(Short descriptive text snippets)
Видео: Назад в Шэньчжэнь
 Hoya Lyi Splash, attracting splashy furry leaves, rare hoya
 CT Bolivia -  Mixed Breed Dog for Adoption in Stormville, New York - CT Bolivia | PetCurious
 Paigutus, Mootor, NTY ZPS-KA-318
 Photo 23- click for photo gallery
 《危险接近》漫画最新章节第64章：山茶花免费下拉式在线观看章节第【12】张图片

__Task directions__
Print each entry exactly as it appears above.

__Result for this task__
Видео: Назад в Шэньчжэнь
 Hoya Lyi Splash, attracting splashy furry leaves, rare hoya
 CT Bolivia -  Mixed Breed Dog for Adoption in Stormville, New York - CT Bolivia | PetCurious
 Paigutus, Mootor, NTY ZPS-KA-318
 Photo 23- click for photo gallery
 《危险接近》漫画最新章节第64章：山茶花免费下拉式在线观看章节第【12】张图片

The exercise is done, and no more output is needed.